Une zone d’exploitation artisanale est instituée lorsque les facteurs techniques et économiques qui caractérisent certains gîtes des substances minérales classées en mines ou carrières ne permettent pas d’en assurer une exploitation industrielle ou semi-industrielle, mais permettent une exploitation artisanale, de tels gîtes sont érigés, dans les limites d’une aire géographique couvrant maximum deux carrés, en ZEA.
Sous peines de sanctions à l’issue des poursuites judiciaires pour défaut de paiement d’amendes à hauteur de 1/3 de la taxe rémunératoire non remboursable, le négociant est tenu de fournir au service des mines du ressort, les statistiques mensuelles de vente de son produit, appuyées des copies des factures sanctionnant ces opérations.
En conclusion, Le métier de négociant minier en RDC est au cœur du secteur de l’exploitation artisanale des ressources minérales. En tant que passerelle entre les creuseurs et les comptoirs, le négociant joue un rôle essentiel dans la régulation du commerce des minerais et la lutte contre les pratiques illégales.
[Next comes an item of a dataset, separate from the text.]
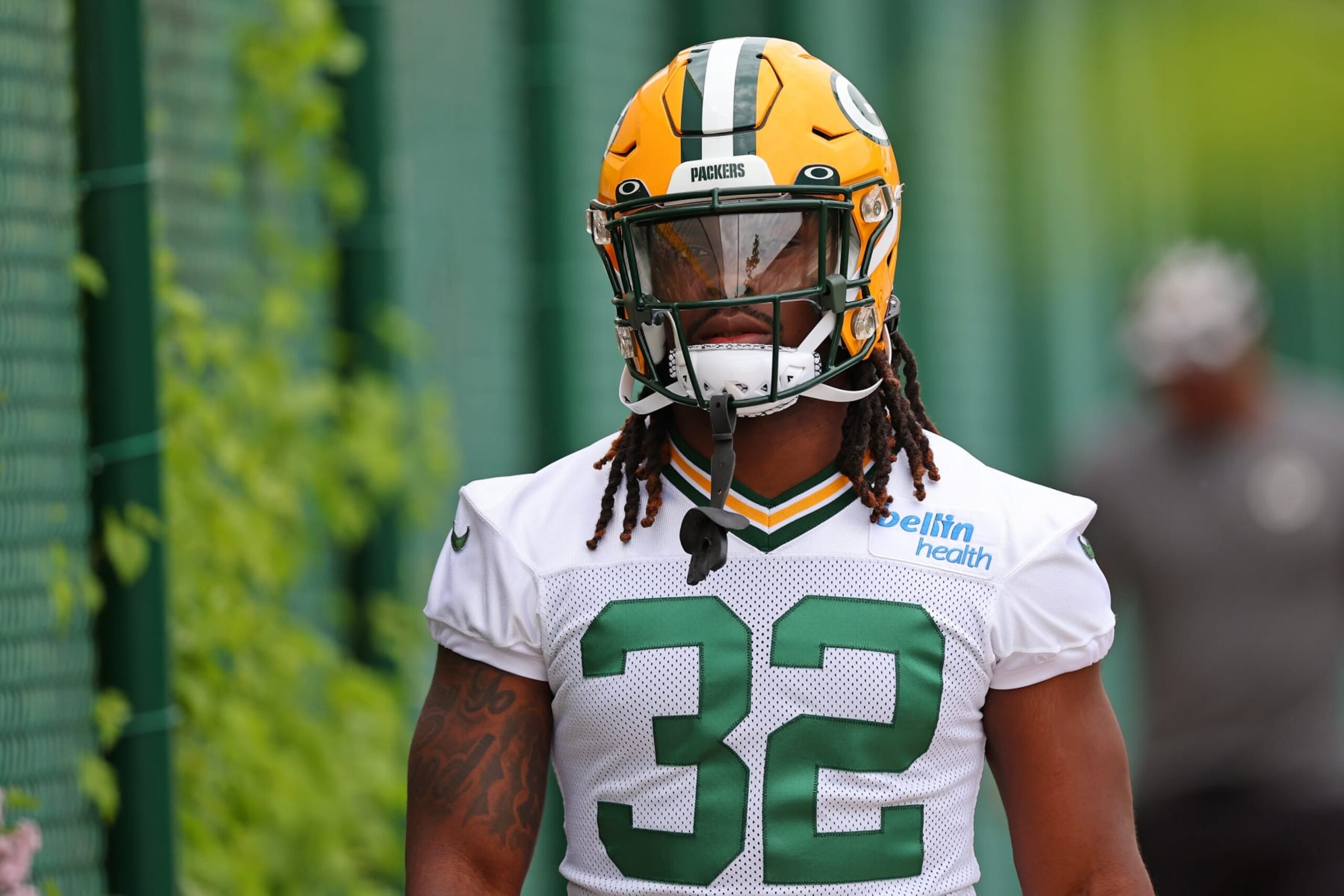 ASHWAUBENON, WISCONSIN - MAY 31: Lew Nichols #32 of the Green Bay Packers participates in an OTA practice session at Don Hutson Center on May 31, 2023 in Ashwaubenon, Wisconsin. (Photo by Stacy Revere/Getty Images)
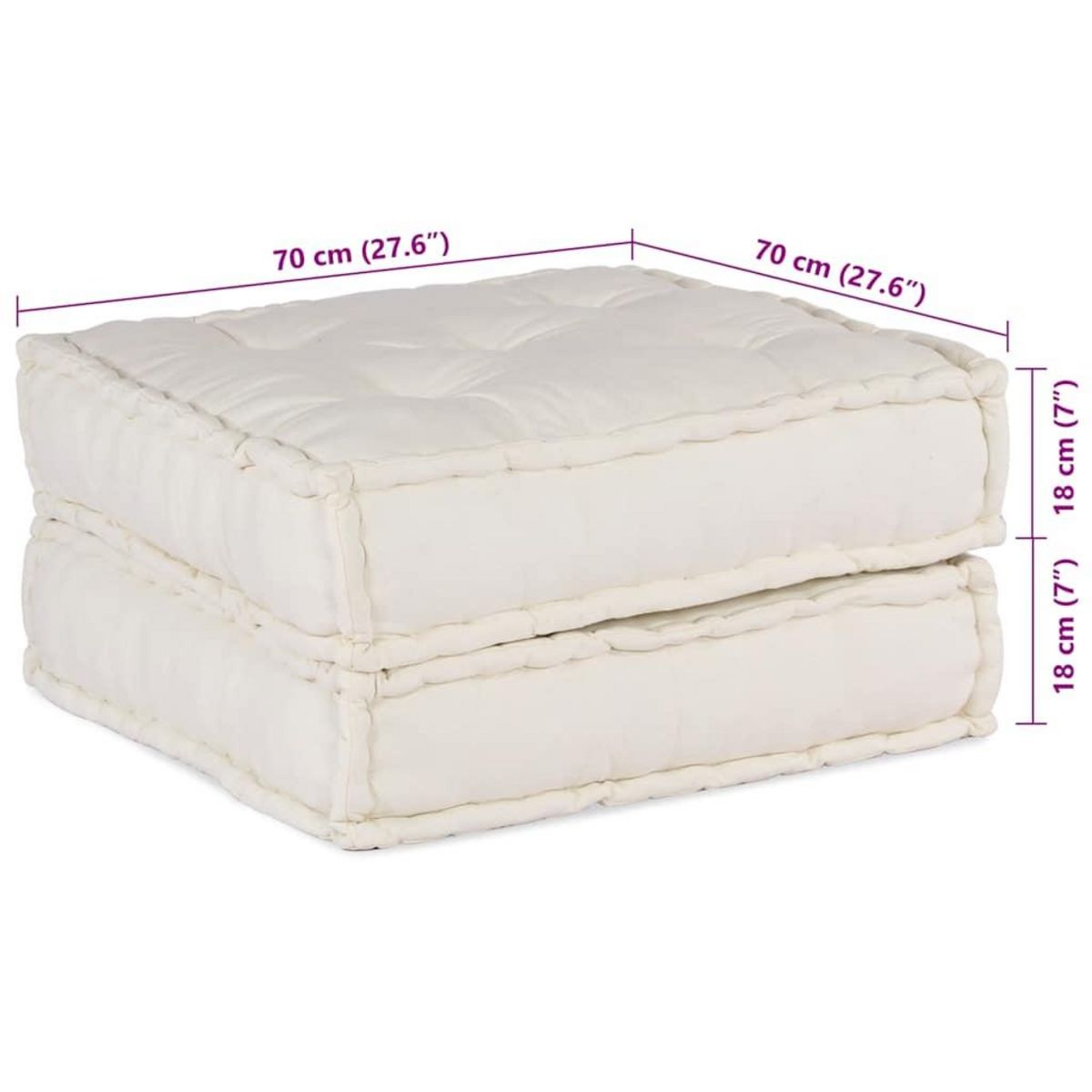 VIDAXL Pouf modulaire creme 70x70x36 tissu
Toutefois, pour que cette profession atteigne pleinement son potentiel, il est nécessaire de renforcer le cadre légal et d’encourager une plus grande transparence dans les transactions.
Une meilleure structuration de ce métier, associée à un contrôle rigoureux des activités des négociants, pourrait non seulement favoriser la commercialisation légale des minerais, mais aussi contribuer au développement économique de la RDC tout en limitant le commerce illicite des ressources minérales.
Ainsi, le métier de négociant, bien encadré et transparent, pourrait devenir un levier important pour la croissance économique du pays, tout en garantissant que les ressources naturelles de la RDC profitent aux populations locales et à l’économie nationale dans son ensemble.